La similitude graphique, je le reconnais encore, peut amener de singuliers quiproquos : témoin un tisserand accusé de négliger sa famille, qui reçut une lettre se terminant ainsi : « Oui, vous avez grand tort de sacrifier vos fils à vos fils. » A quoi il répondit immédiatement : « Je vous certifie que c’est tout le contraire et que je n’hésiterais pas à sacrifier tous mes fils pour l’un de mes fils. »
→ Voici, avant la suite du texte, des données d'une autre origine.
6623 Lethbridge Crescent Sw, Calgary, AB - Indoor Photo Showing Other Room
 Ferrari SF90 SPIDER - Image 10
Dangeau, au XVIIe siècle, raconte d’une dame étrangère, qu’elle s’écria un jour, en bonne compagnie : « Oh ! que ces empereurs romains étaient cruels ! Ils faisaient prendre des paysans et leur faisaient arracher la langue pour s’en nourrir ! » Ce mets, qui d’ailleurs doit être exécrable, étonna beaucoup l’assemblée, rapporte notre malicieux chroniqueur. De vrai, elle avait lu que l’empereur Héliogabale mangeait des pâtés de langues de phaisans, et comme elle s’imaginait qu’un p se prononce toujours p, elle avait lu des « langues de paysans », au lieu de « langues de faisans ».

Ce qui prouve, entre parenthèses, que l’orthographe n’est pas immobile, puisque faisans ne s’écrit plus phaisans, et il en est ainsi de beaucoup d’autres mots. Cette réforme, en définitive, se poursuit. L’Académie française, dans ces derniers temps, n’a-t-elle pas fait un salutaire abattage d’h encombrants qui ne sont guère à regretter ?
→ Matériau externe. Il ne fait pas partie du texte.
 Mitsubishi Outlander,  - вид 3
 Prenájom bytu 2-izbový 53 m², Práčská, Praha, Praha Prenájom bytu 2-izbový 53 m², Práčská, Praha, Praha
On peut s’en remettre, il me semble, à son goût et à sa prudence. Sans doute l’Académie est personne sage, discrète, qui n’a pas l’habitude de prendre le mors aux dents, et si elle procède pour la révision de l’orthographe comme elle le fait pour le dictionnaire historique, il y aura encore de beaux jours pour les casuistes de la grammaire française :

Depuis six mois dessus l’F on travaille,
Et le Destin m’aurait fort obligé
S’il m’avait dit : Tu vivras jusqu’au G.

Cette dernière pique de l’auteur de ce récit prend toute sa justification lorsqu’on sait que le Dictionnaire de l’Académie vit le jour en 1694, les éditions suivantes paraissant en 1718, 1740, 1762, 1798, 1835, 1878 et 1935. La neuvième édition est, depuis, en cours d’élaboration, deux tomes étant disponibles fin 2011 : Tome 1 (A-Enz) et Tome 2 (Éoc-Map).